THE PROBLEM =
In the listing below, the lines starting at the line with "Disney watch Christmas Mickey Mouse 🎅🏼 Santa" and ending at the line with "big breasted redhead" are to be output verbatim. Images stay out of the copy.

GIVEN INFORMATION =
● ● ● ● ●

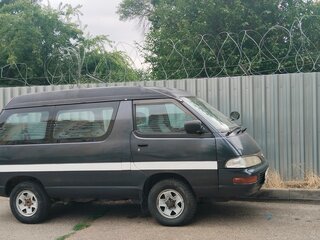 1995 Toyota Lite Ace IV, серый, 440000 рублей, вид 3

● ● ● ● ●

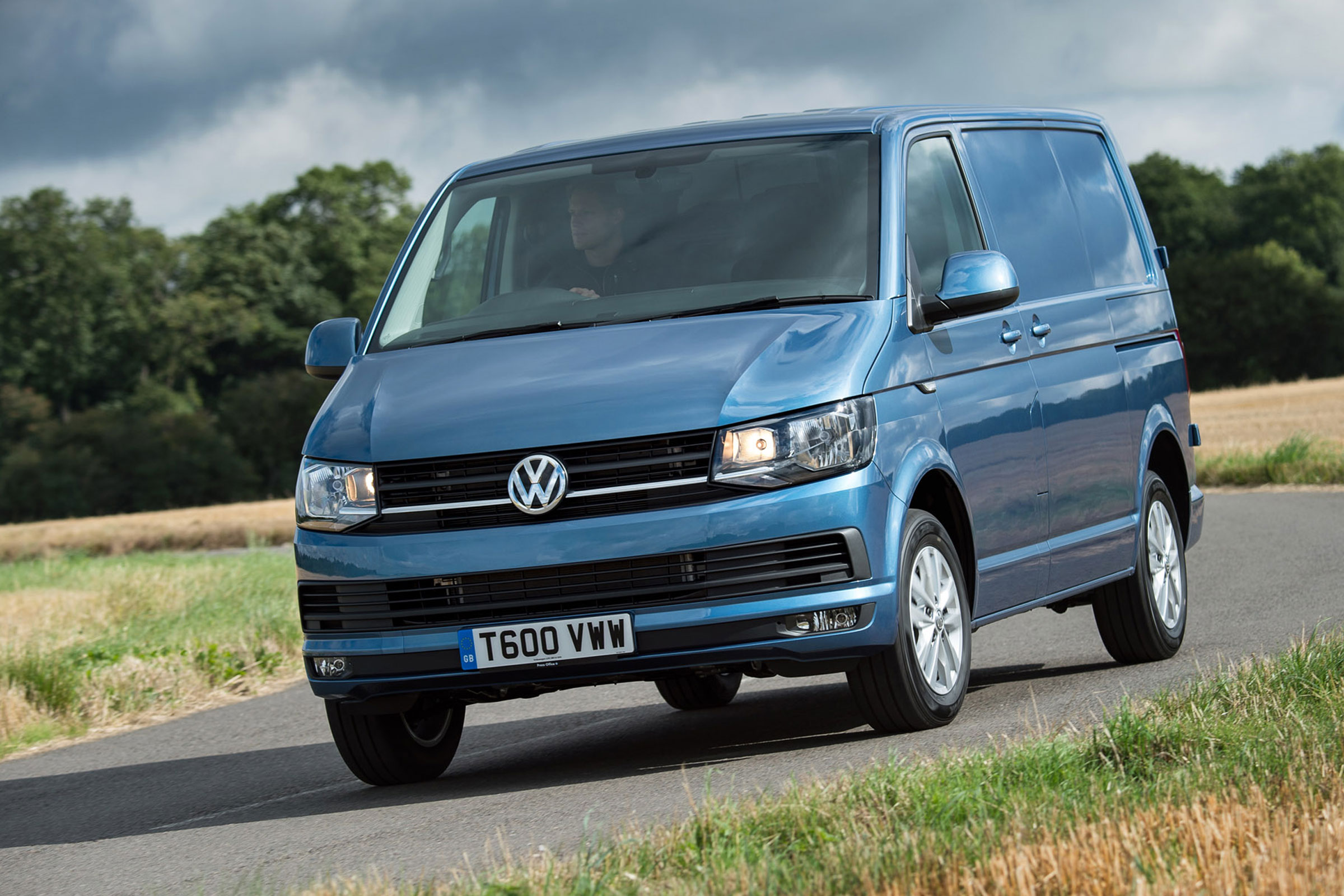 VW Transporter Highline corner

● ● ● ● ●

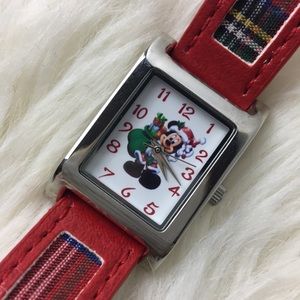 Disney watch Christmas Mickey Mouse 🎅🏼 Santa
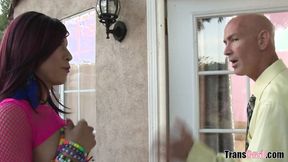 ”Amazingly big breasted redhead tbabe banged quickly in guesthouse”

● ● ● ● ●

RESPONSE TO THE TASK =
 Disney watch Christmas Mickey Mouse 🎅🏼 Santa
 ”Amazingly big breasted redhead tbabe banged quickly in guesthouse”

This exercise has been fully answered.